Frederick Schmidt: "Dear Rev...."

 

We sit there Sunday after Sunday.

We do our own faith-work, coming to conclusions about what matters and doesn't, about what we believe and about what we don't believe.

Help us to understand you and help yourself to communicate the Gospel.

Please consider the following advice:

One: Lose the stained glass language.

It's important to connect our faith to the historical language of the church and we know that much of the vocabulary that you use is a form of shorthand. Clergy, just like the rest of us, use that kind of language to condense complex ideas into a single word. For that reason, it's important for you to give us a modicum of theological language to use.

But it has to be explained and you can never assume that when you use it we all get the same thing out of it or that we are familiar with it. String too many theological words together without explanation and you are using stained glass language.

The result? You will fail to communicate with us or we will just stop making the effort to hear you. It's all well and good to tell us that nothing can separate us from the love of God, but what does that mean?

Definitions, please, and only for a few technical terms at a time. Don't bury us in words you can't or don't explain. We are intelligent. We have specialized in other endeavors. But we care, we listen, and we learn. Don't lose the opportunity to bring us into the conversation.

Two: Keep it real.

As a seminarian, you spent three or four years in a rarified atmosphere with other students who shared many of the same vocational, spiritual, and intellectual concerns. Most of those seminaries were in very different settings than the one you are working in now. That means that you spent the first half of a decade attending to concerns that we don't share, many of which were - for lack of a better term - professional in nature.
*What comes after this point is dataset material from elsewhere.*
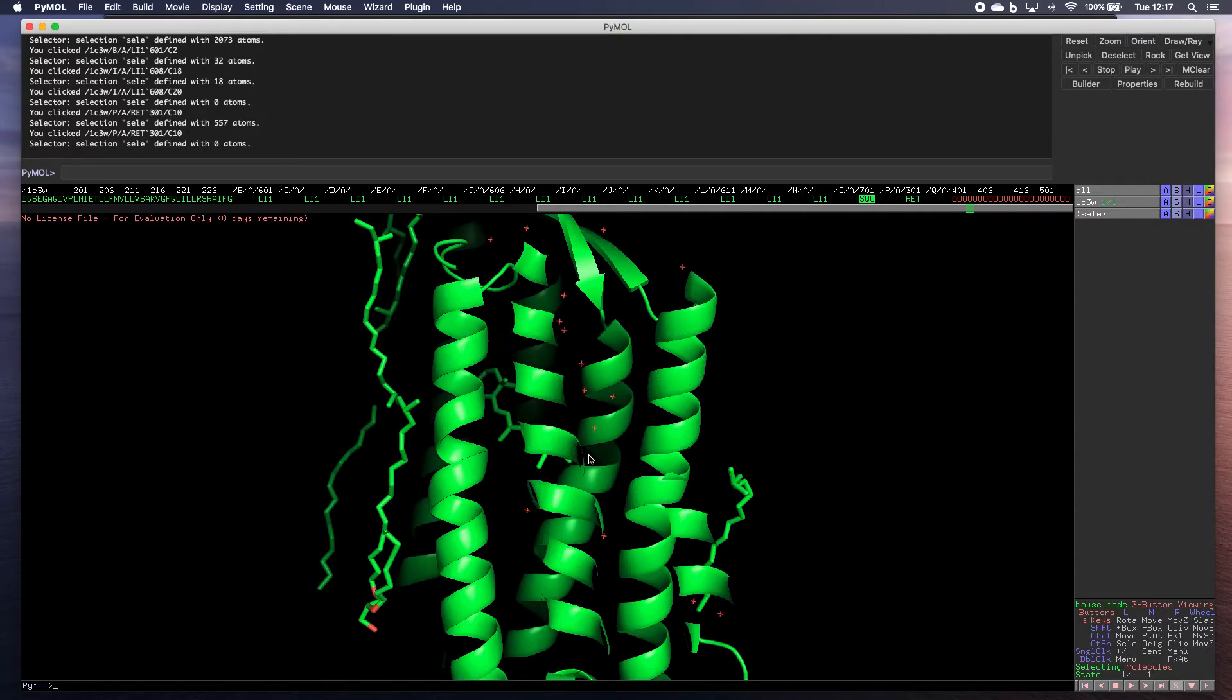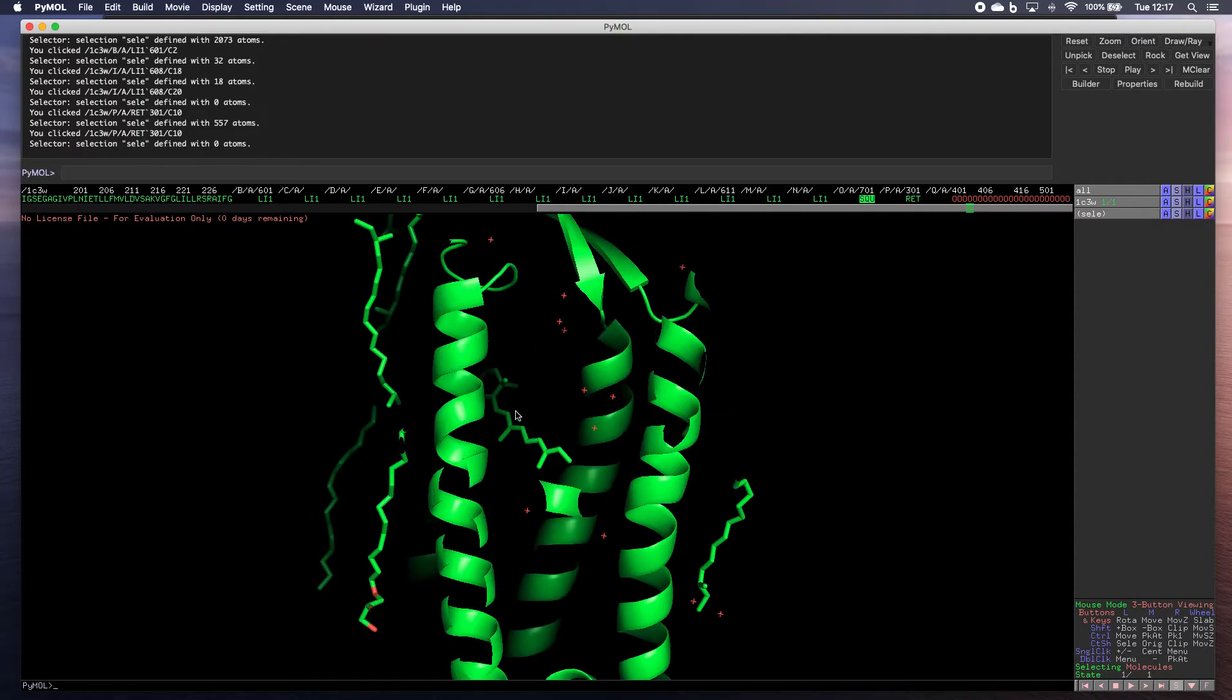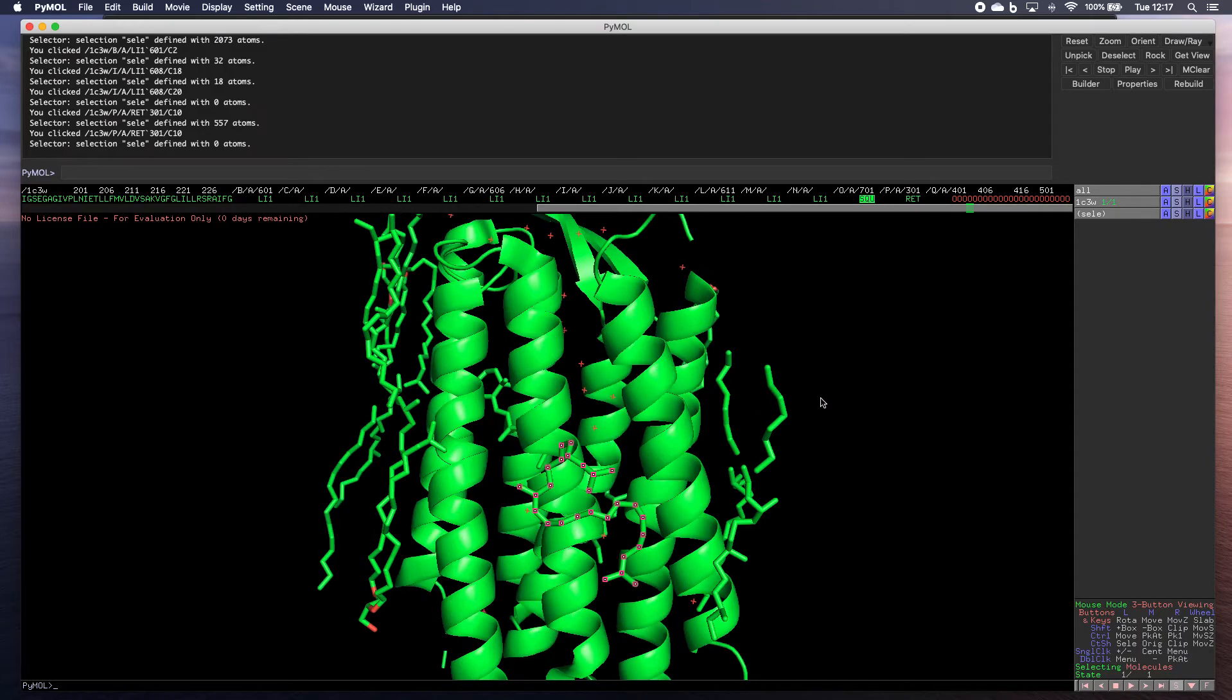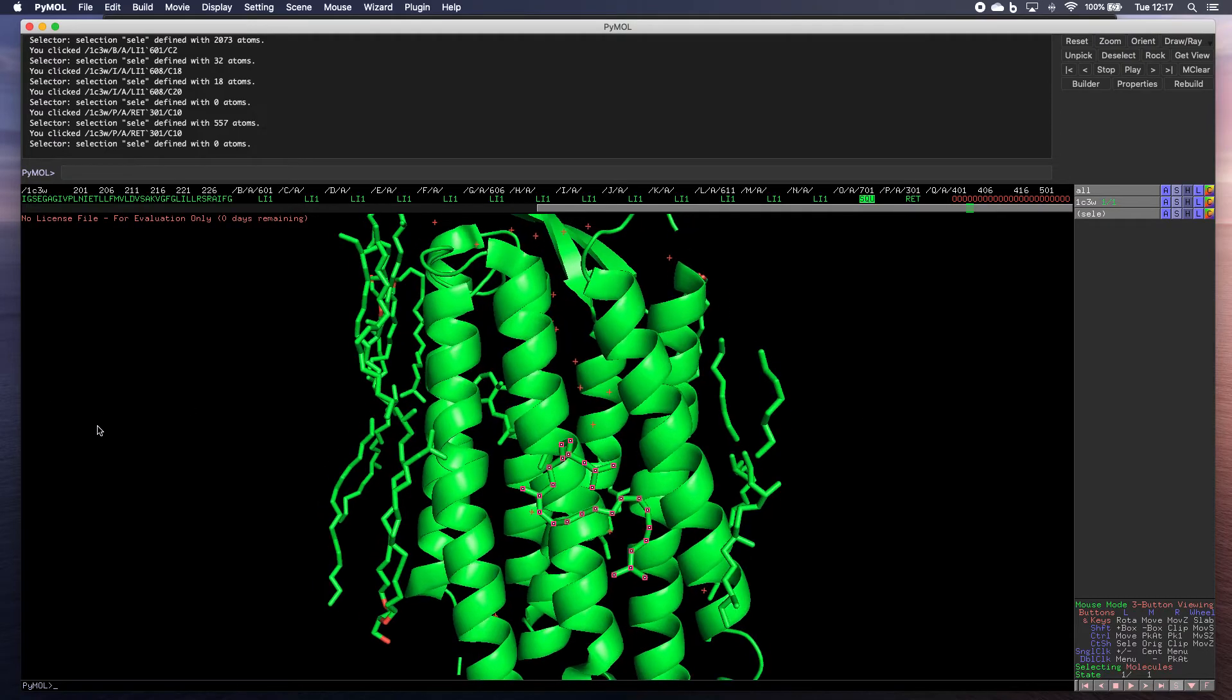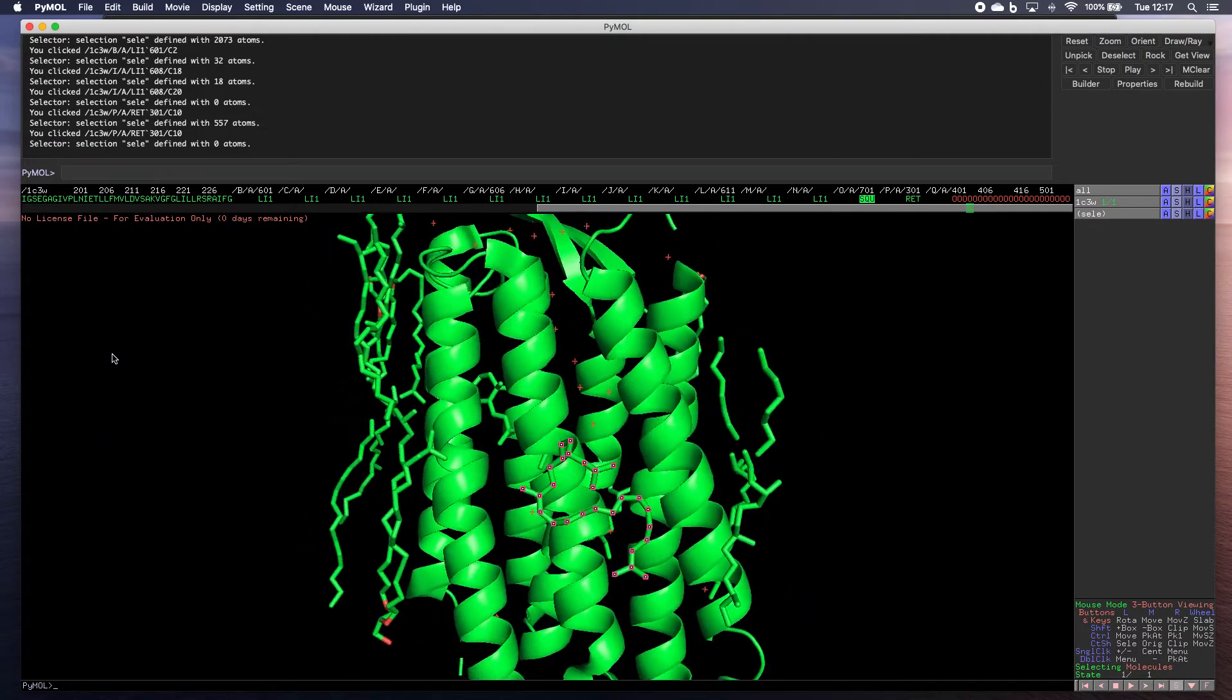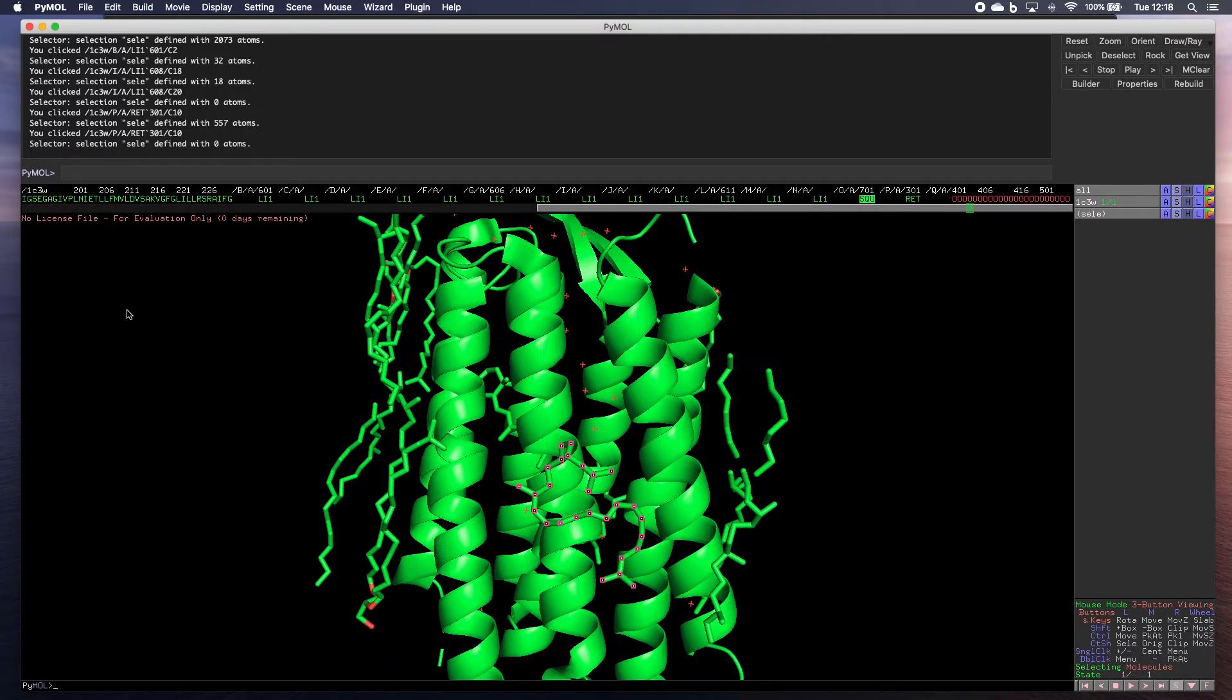So for example, if we just want to look at this molecule here, there we go. Now you can also, if you click to the right or left of the image, you can twist it as well and use the left mouse button to twist. So those are the main controls.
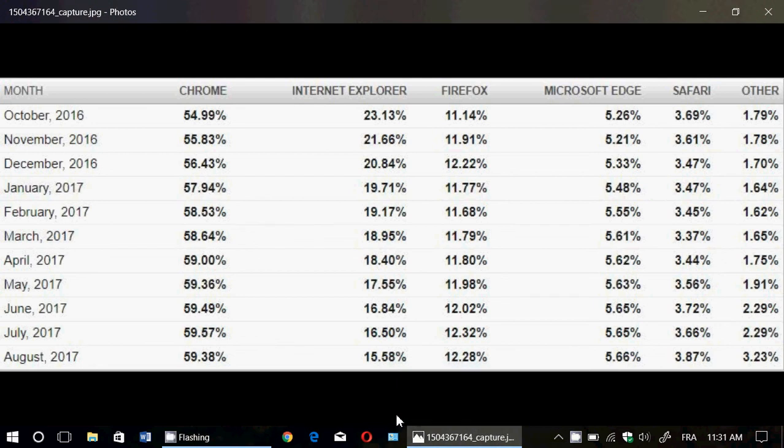Welcome to this Windows channel and this is the market share of browsers for the past year as we have new numbers for August 2017 as we just started September. What is interesting in these numbers? Nothing much because...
Our concerns are existential. The reason we come to church is to connect with God and to connect with what we believe about God with the experiences that we have. Try to connect what you have learned with those challenges. Ask and answer the "so what?" question before you get into the pulpit. Otherwise, after a while you sound like the parents in those Charlie Brown movies: "Wah, wah - wah, wah, wah, wah."

Three: Work hard at translating your faith.

If you are going to stand there fifty-two days a year and expect us to pay attention, then refine your ability to communicate.

Avoid the temptation to hide a lack of careful reflection behind a smokescreen of banal generalities, hoping to lose us and impress us all at the same time. On the other hand, don't cop out by getting so simple that a good bumper sticker would replace what you say in the pulpit. "Love is all you need?" Really? That's it? John Lennon? Then who needs church?

Effective communication is a complex, demanding task of translation. It lies at the heart of your vocation and it is important to us.

Four: Don't try to tell us everything you think we need to hear all at once.

That's why they call it a pastoral relationship.

Don't let your anxiety drive you to do and say everything at one time. Don't let your need to impress us, drive you to make us sip from a fire hose or wade through endless quotations from the last few books you read in seminary. (By the way, don't quote those books at all. If it's worth quoting, then you should understand it well enough to put it in plain English. See above.)

Soul care is a process of nurturing growth. Take the developmental, long view.

Five: Preach the Gospel.

There really isn't another reason for you to be up there on a weekly basis or for us to give you our attention. There are people out there in the pews with deeper competence in both political science and economic theory than you. Some of us are licensed therapists and social workers, and (God knows) the world has more social architects than a Dalmatian has spots.

The Gospel speaks to political and social issues, but it also speaks to the personal dimension of life. But - preeminently - it's about God. John's Gospel is still right. The only good reason for going to church is summed up in the request, "We would see Jesus." If what you do in your sermons doesn't make that possible, then there is no reason to sit there listening to you gaff on about your opinions about the nation and the world. That's why God made book clubs, backyard fences, and busybodies.

We don't object to your addressing the complexities associated with bringing the Gospel to bear on the whole of our lives, but when you do the connection with the theology of the church should be clear. Your sermons should also acknowledge the complexity of making that connection and that honest, faithful people draw different conclusions on most of those issues. Ignore that fact and some of us will just drift or run away.